ANS launches: “I have some good news and some bad news…”

The good new is… Automated Notification of Sales (ANS) rolled out yesterday for Direct Delivery. ANS allows information on sales to be forwarded to an external URL, allowing merchants to not only track sales, but to perform a range of different analyses on their sales and customers, in order to provide things like more focused support, identify product trends and so on.

Originally, it had been hoped that ANS would form part-and-parcel of the overall Direct Delivery roll-out, and many merchants were disappointed that this was not the case, with ANS being delayed for reasons unknown.

Yesterday’s announcement that ANS is now available came with a highly-informative user-written wiki article on how to make use of ANS. This is extremely well-presented and spells-out exactly how ANS data can be received and used.
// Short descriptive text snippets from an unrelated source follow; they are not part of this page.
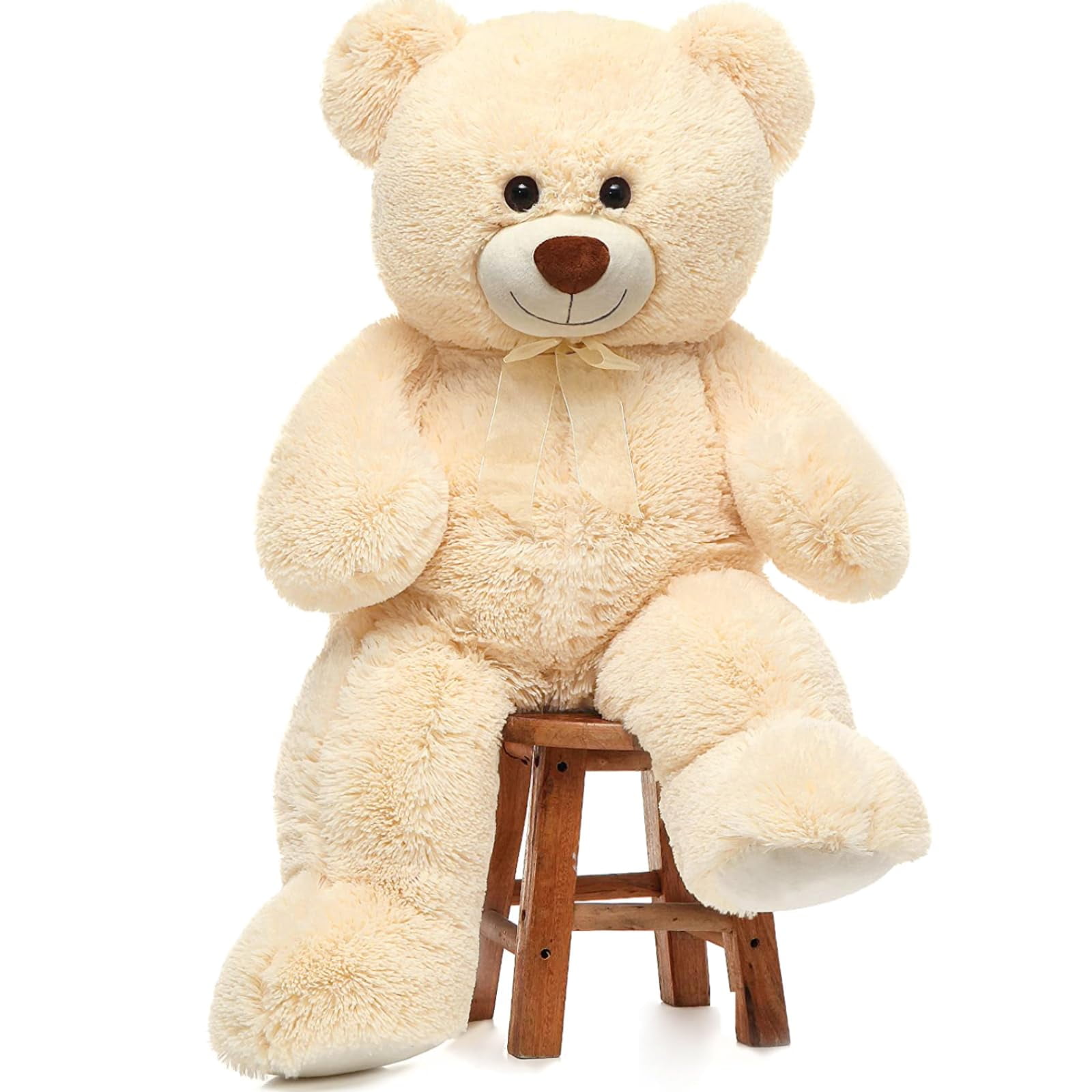Oso De Peluche Morismos Giant, 90 Cm, Color Beige Y Crema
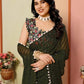 Rajwada Olive Green Georgette Plain Saree For Women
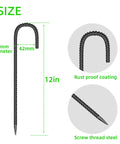 Diagram of Heavy Duty Set Of 20 12 Inch Garden Ground Stakes Galvanized Steel J Shape Hooks, showing dimensions and rust-proof coating.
However, it’s not all good news, sadly, as Darrius Gothly reports in the forum thread making the announcement:

 Sadly the ANS for Direct Delivery has a Severe bug and IS NOT SAFE TO USE YET!! The ANS Transaction being sent via the Marketplace service is duplicating the Item ID# (the numeric part of the Product’s listing page) into the Location field. The Location Field is supposed to have the Order Line Item ID number instead, showing which line item in an Order correlates to the ANS Transaction. As long as that field contains the wrong data, you CANNOT track an ANS transaction back to the specific line item in an Order.

Darrius has raised a JIRA on the matter, and merchants who use ANS / have an interest in using ANS are urged to log-in and WATCH the JIRA.

2 thoughts on “ANS launches: “I have some good news and some bad news…”

    1. Presumably because, as Darrius states, it makes it impossible for a merchant reliant upon ANS to accurately trace an ANS transaction back to a specific item within an order. Ergo, the ability to trace items end-to-end is somewhat buggered, as is (I assume) the ability to further confirm any issues reported / related to items within an order.

      The data from ANS isn’t looked at in and of itself, it’s subject to external processing at the merchant’s end of things: as such incorrect data going in is liable to lead to incorrect information coming out, making any reliance on such data “unsafe”.